Building and using a code graph in MotleyCoder
Part 2.
This is the second part of the introduction to MotleyCoder, our toolkit for AI agents for inspecting and writing code. The first part can be found here in this installment we go deeper into how we construct and use a graph of the code structure.
When asking an LLM to answer a question, it's critical to provide it the right context in the prompt. When the data in question is freeform text, we'd typically use some form of chunking and then retrieve the relevant chunks using embeddings similarity. In addition, we might create a knowledge graph of relationships between the different entities in the text, typically using an LLM.
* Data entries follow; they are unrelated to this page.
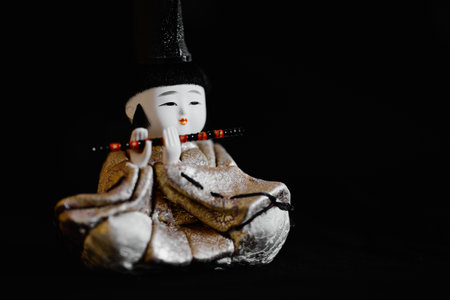 hina doll on black backgroundの写真素材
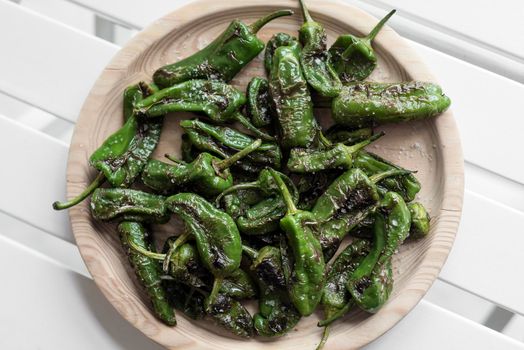 pimientos padron grilled spanish green chilli peppers tapas snack on plate in rustic santiago de compostela restaurant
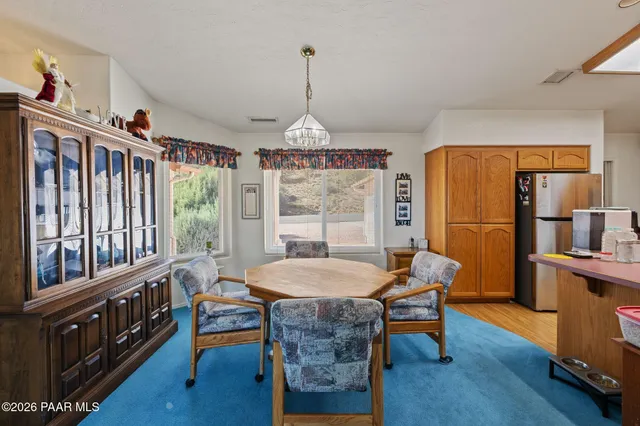 a dining room with furniture window wooden floor
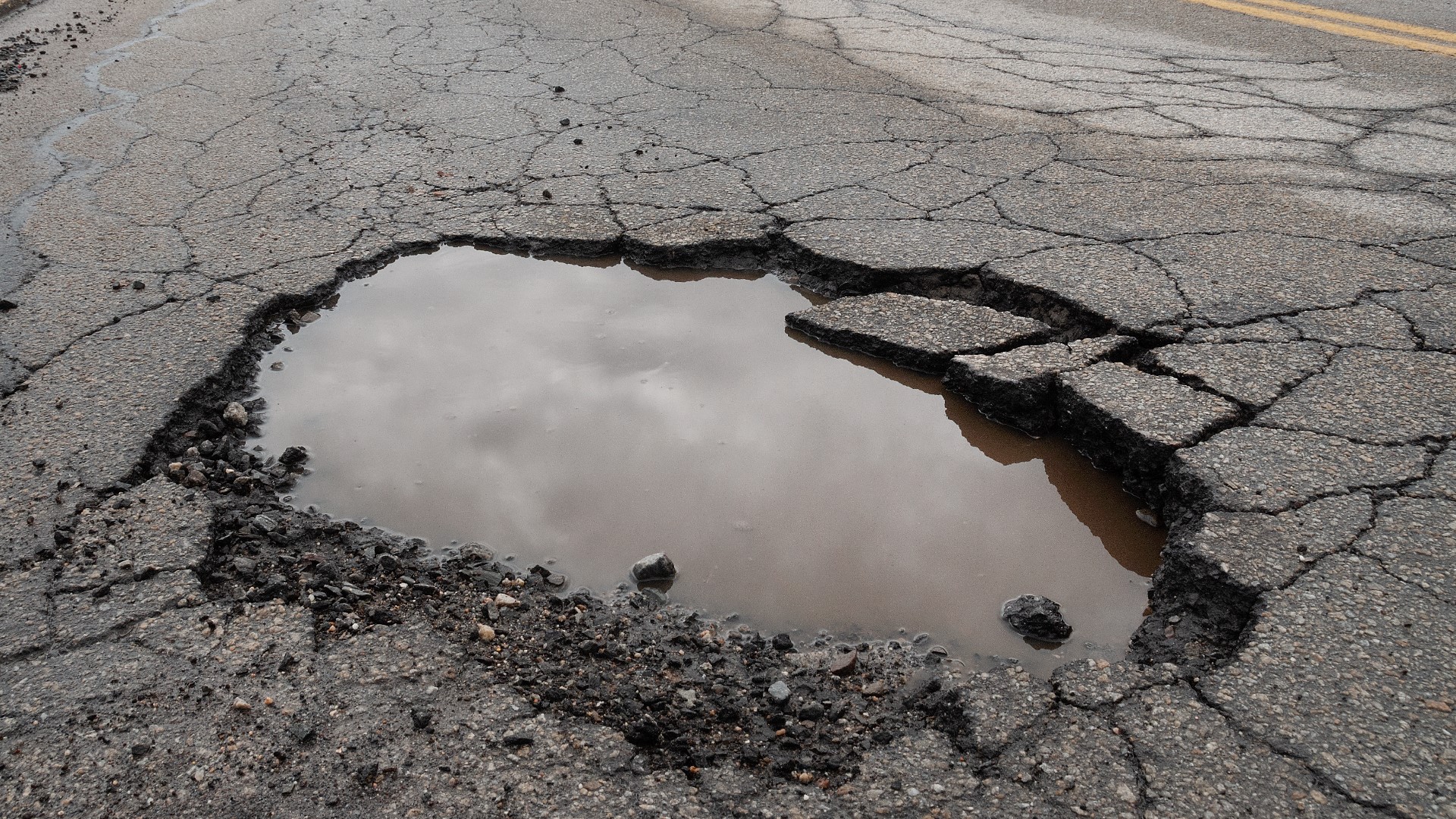 Potholes are popping up everywhere around central Ohio and that's mainly due to the winter weather.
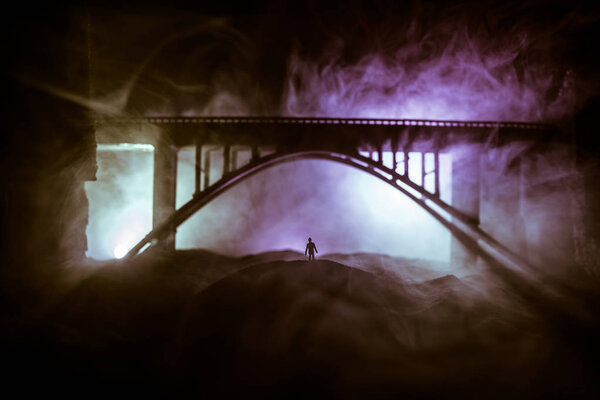 Apocalyptic ruins of the city. Disaster effect. Night scene. City destroyed by war. Destroyed skyscrapers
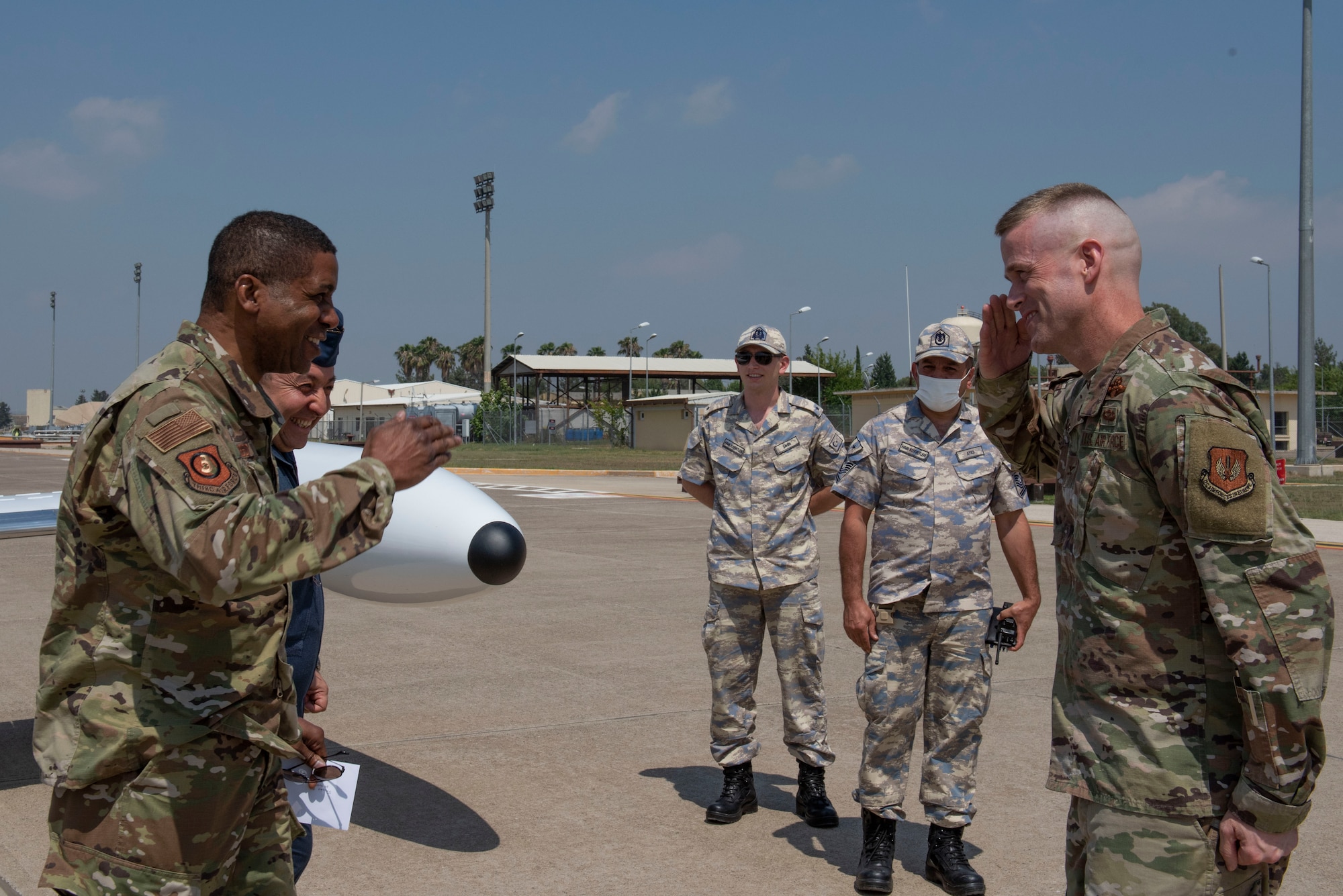 U.S. Air Force Maj. Gen. Randall Reed, 3rd Air Force commander, greets U.S. Air Force Col. Randy Oakland, 39th Air Base Wing commander during a visit to Incirlik Air Base, Turkey. Reed arrived at Incirlik to visit U.S. Airmen and check on their well-being. (U.S. Air Force photo by Staff Sgt. Joshua Magbanua)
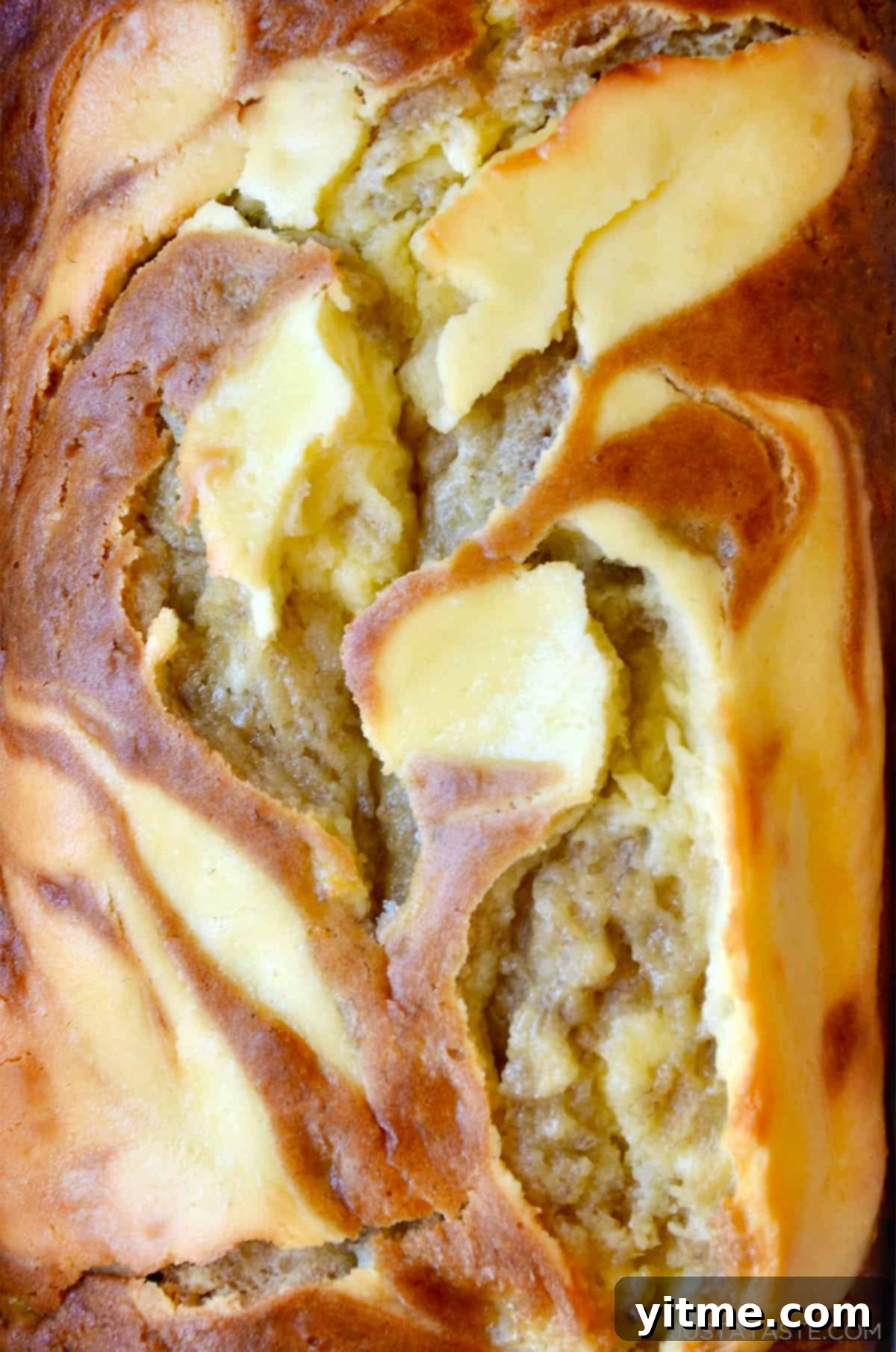 A close-up of banana bread marbled with cream cheese, showcasing its moist texture and beautiful swirl.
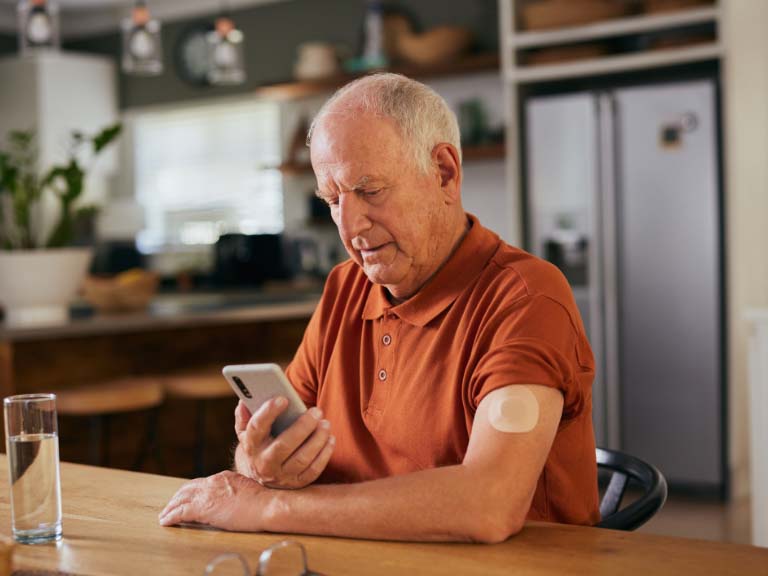 Mann misst seinen Blutzucker mit Smartphone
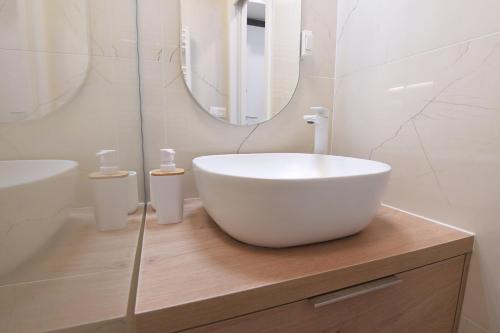 een badkamer met een witte wastafel en een spiegel bij Consul Apartment - Zadar city center in Zadar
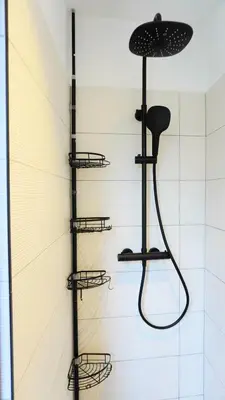 a shower in a bathroom with four shelves at Proche Croisette, Appartement 2 Chambres by Palmazur Vacances in Cannes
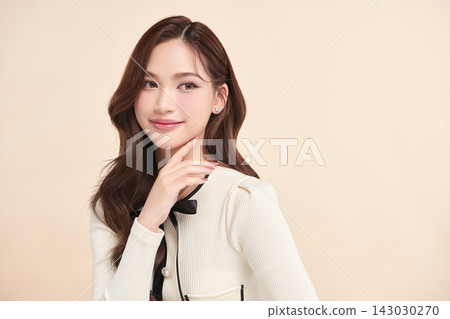 A beautiful young Asian woman with clean, fresh skin against a beige background. Skincare, facial treatment, cosmetology, beauty, and spa. An elegant portrait of an Asian woman. A beautiful young Asian woman with clean, fresh skin against a beige background. Skincare, facial treatment, cosmetology, beauty, and spa. An elegant portrait of an Asian woman. 143030270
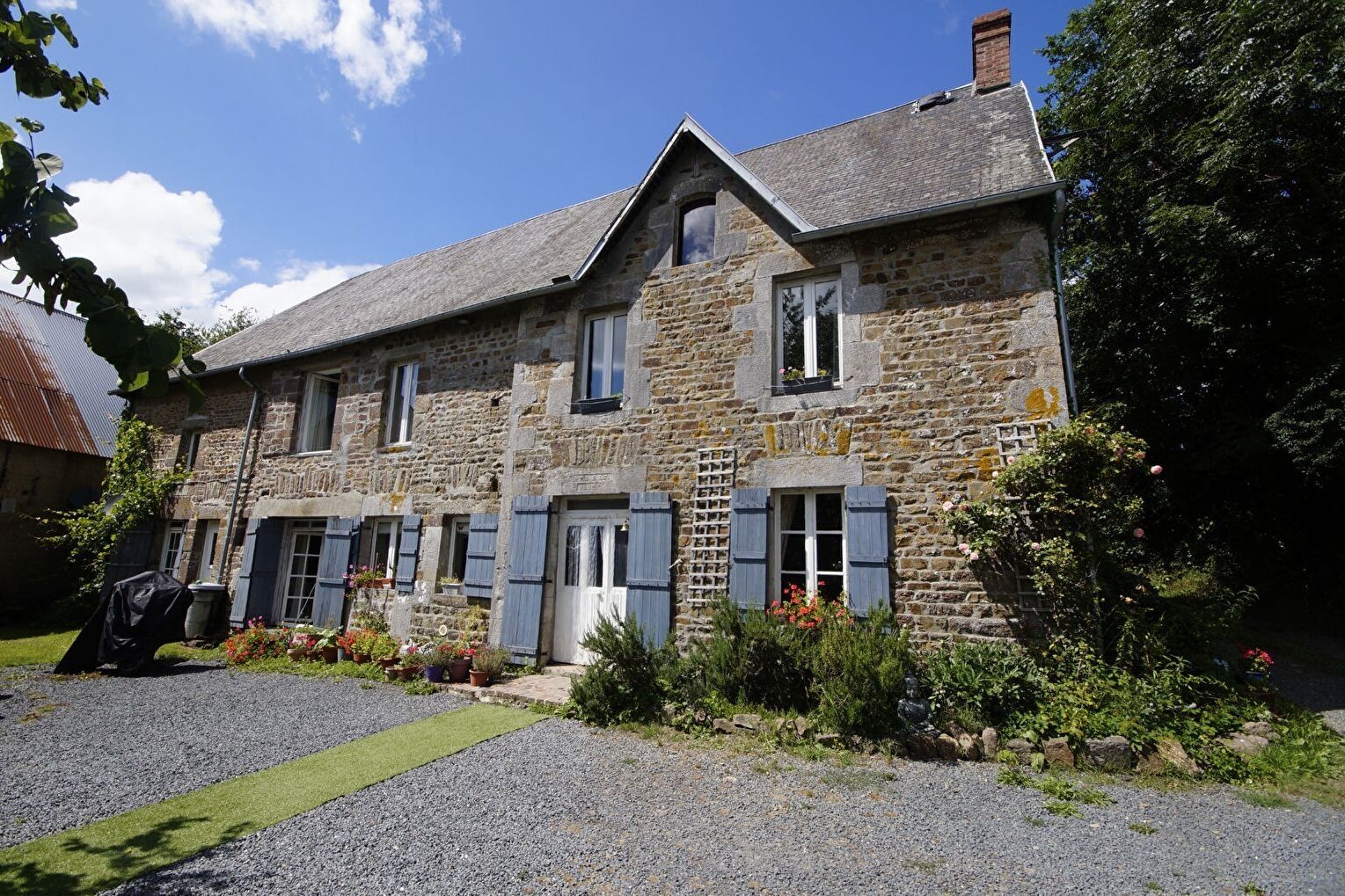 4-bedroom property in Manche, Normandy, featuring a stone façade and landscaped garden area.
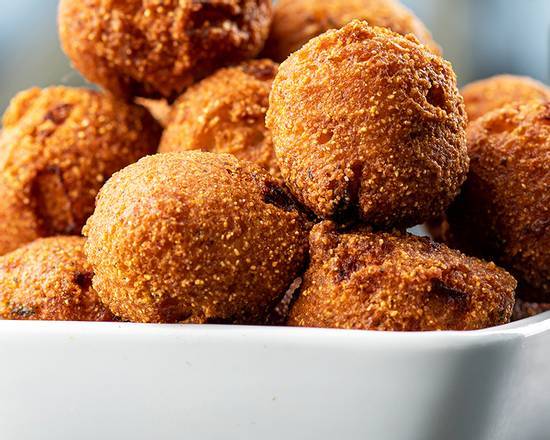 Order Hush Puppies (15 Pcs) food online from Sharks Fish & Chicken store, Bridgeview on bringmethat.com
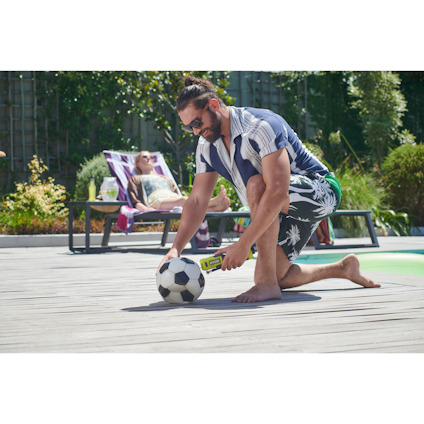 Man använder en volympump av märket Ryobi för att pumpa upp en fotboll på en träaltan nära en solstol.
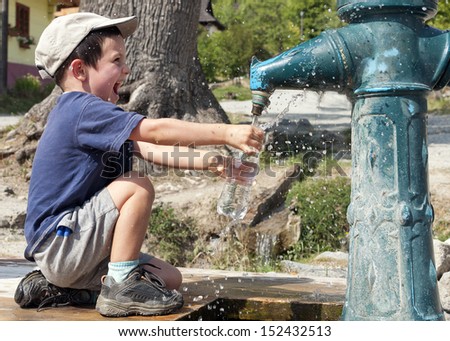 Child filling water bottle from a hydrant fountain.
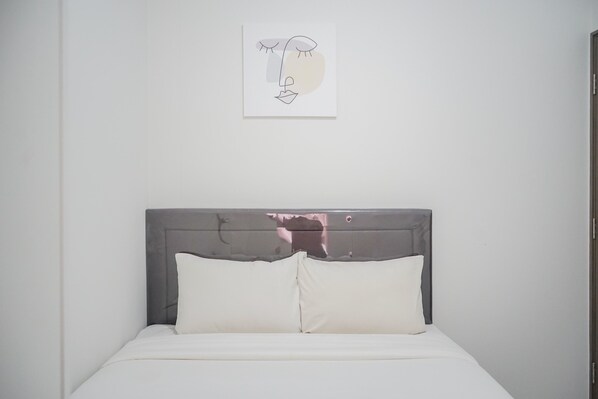 A neatly made bed with white bedding and pillows, a gray headboard, and a simple wall-mounted artwork above it. - Comfy and Stylish 2BR Emerald Bintaro Apartment (South Tangerang)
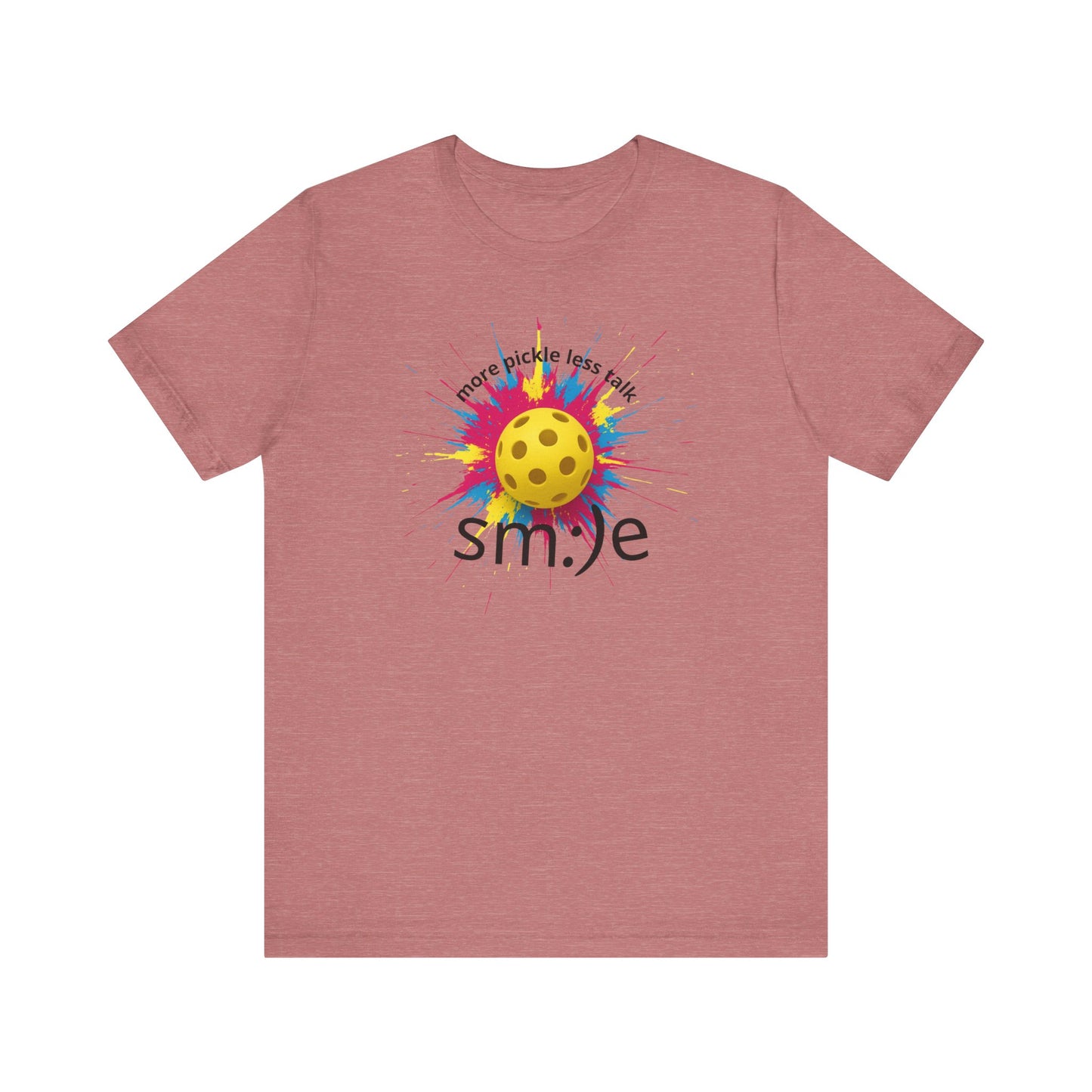Pink t-shirt with a colorful pickleball design and 'smile' text on a white background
When the source data is not natural language, but code, the task is similar, but with important differences. On the one hand, simple text similarity between code snippets, just like naive fixed-size chunking, will not work well, as they ignore the natural structure of the code. On the other hand, code already has natural chunking, namely each chunk corresponding to an entity in the code, such as a definition of a function or a class; and a natural graph structure, defined by pieces of code referencing other pieces, for example a function calling another function.
Another natural relationship between entities defined in the code is whether they are located in the same file; but this relationship is likely to matter less than for natural language documents, as the functionality of the code typically doesn't depend on entities being located in a specific files; thus the "being in the same file" relationship is more of a stylistic one, of developers hopefully placing similar functionality in the same location.
With that in mind, we looked at the algorithm for building a code graph contained in aider. It taught us a lot, in particular using tree-sitter, a formal grammar parser that works for a lot of popular languages, to extract both entity definitions and entity references from the code. Aider's algorithm takes files as the graph nodes, and references to entities as edges connecting the files (from the file referencing the entity to the file with the entity definition).
To construct a summary description of the code base (which it calls a repo map) in response to a particular query, it first parser the query for potential matches to files and entities in the code. It then runs a PageRank algorithm, and pro-rates the rankings of the file nodes back to the edge entities, to rank the entities' importance, and thus figure out which ones should be included in a repo summary map in response to a particular user query. The entities and files matched from the query message get a higher weight while running the algorithm.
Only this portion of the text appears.